Optionally, the current depth unit is arranged for determining the current dynamic depth value by computing the current dynamic depth value based on one of: a length of the current local motion vector, an absolute value of a horizontal component of the current local motion vector, and an absolute value of a vertical component of the current local motion vector. For example, the length of the current local motion vector is used to compute the current dynamic depth value.

Optionally the current motion unit is arranged for determining the current local motion vector by: (a) determining a local motion vector indicating motion of the image content at the current pixel location, (b) determining a global motion vector indicating global motion of image content of at least a region of the current image, and (c) computing the current local motion vector as a relative motion vector based on the local motion vector relative to the global motion vector.
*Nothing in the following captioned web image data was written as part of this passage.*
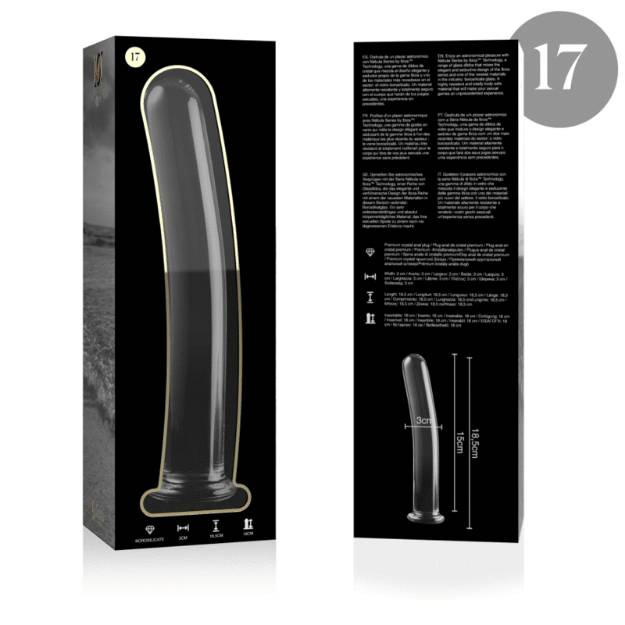 NEBULA SERIES BY IBIZA™ - MODELLO 17 DILDO IN VETRO BOROSILICATO 18,5 X 3 CM TRASPARENTE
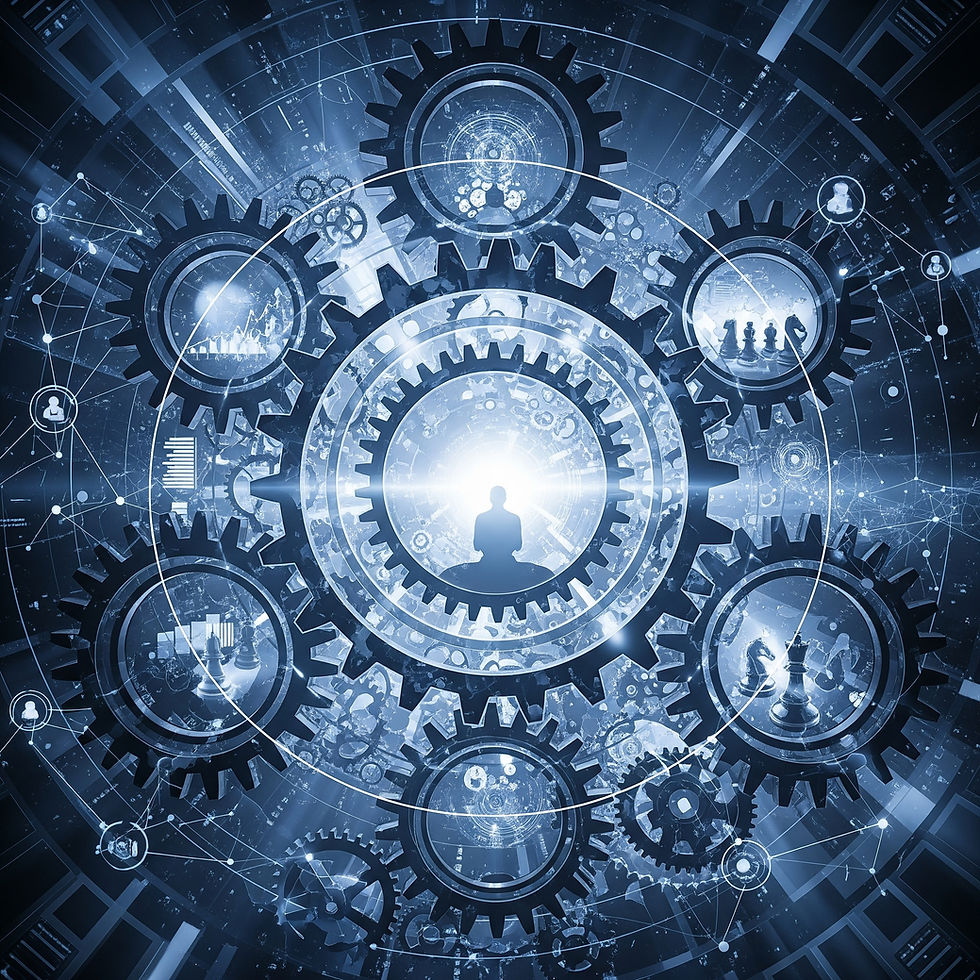 An abstract image showing interconnected gears and glowing networks, with a central meditating figure and subtle icons representing self-mastery, business strategy (chess pieces, charts), and relationships (connected people icons), all symbolizing the comprehensive nature of second-order thinking for executive leadership.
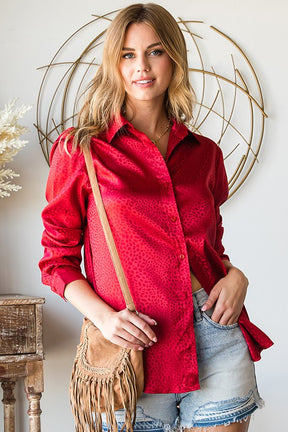 Stars Align Ditzy Dot Button Down - Ruby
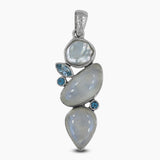 Rainbow Moonstone Silver Pendants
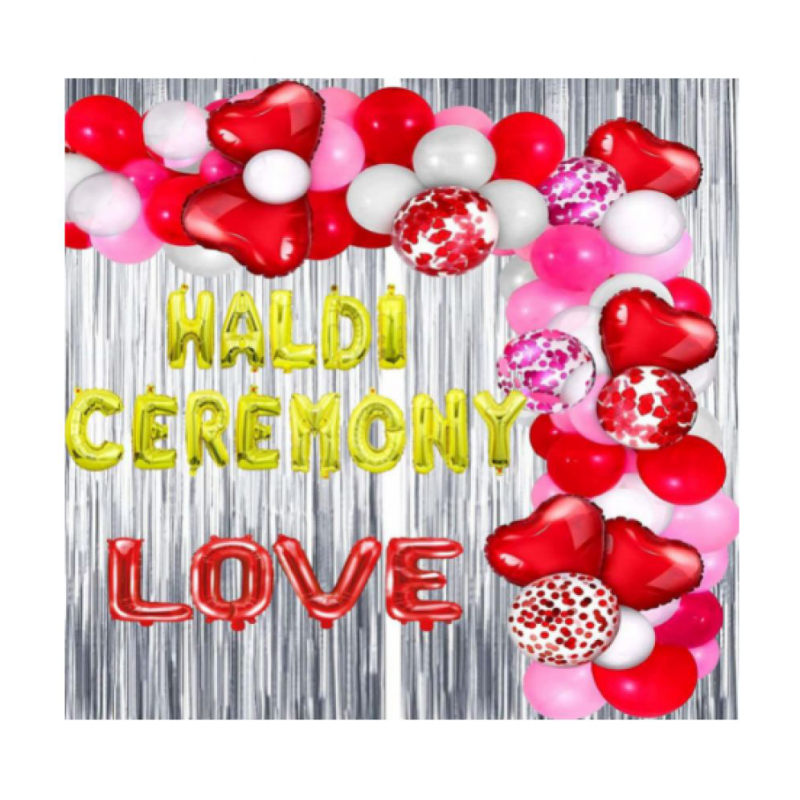Blooms Event  silver     Haldi Ceremony Decoration Items Items Golden Foil Letters, Hearts, Balloons and Curtains | 62 Pcs Party Decoration for Marriage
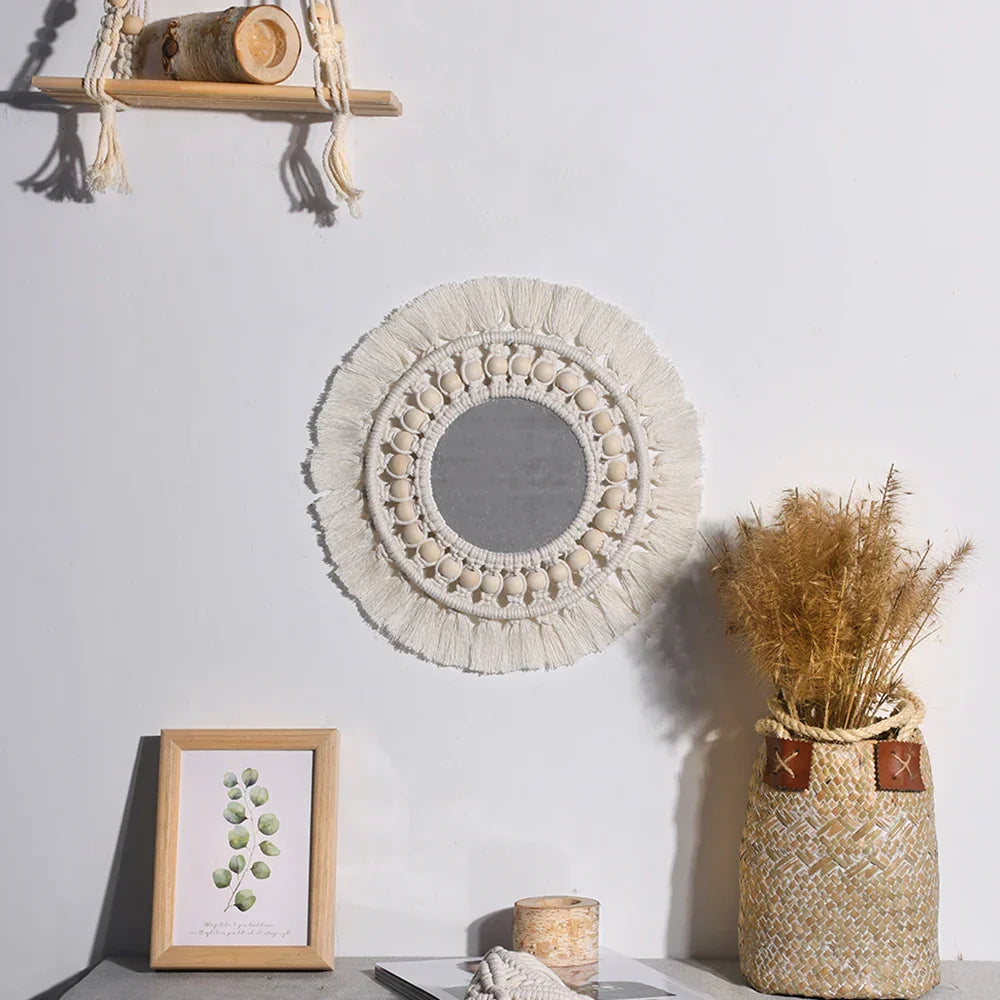 Boho Chic Wall Hanging Mirror Set with Fringe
A current dynamic depth value based on the relative motion vector compensates for movement of the background in a video scene, because a static foreground in front of a moving background and a moving foreground in front of a static background will both correspond to a large relative motion of the foreground. In both cases, the current dynamic depth value will therefore be larger if the current pixel location is part of the foreground than if it is part of the background.

Optionally, the depth unit is arranged for determining the depth value based on a static depth value being a non-motion-based depth value based on only the current image. The static depth value may be determined even when motion is small or absent in the current image and the current dynamic depth value may therefore become unreliable. For example, the static depth value may be based on a so-called 'slant' being a depth map that defines depth as a vertical gradient, i.e. having large depth values (close to the viewer) at the bottom of the current image and having smaller depth values (farther away from the viewer) toward the top or middle of the current image.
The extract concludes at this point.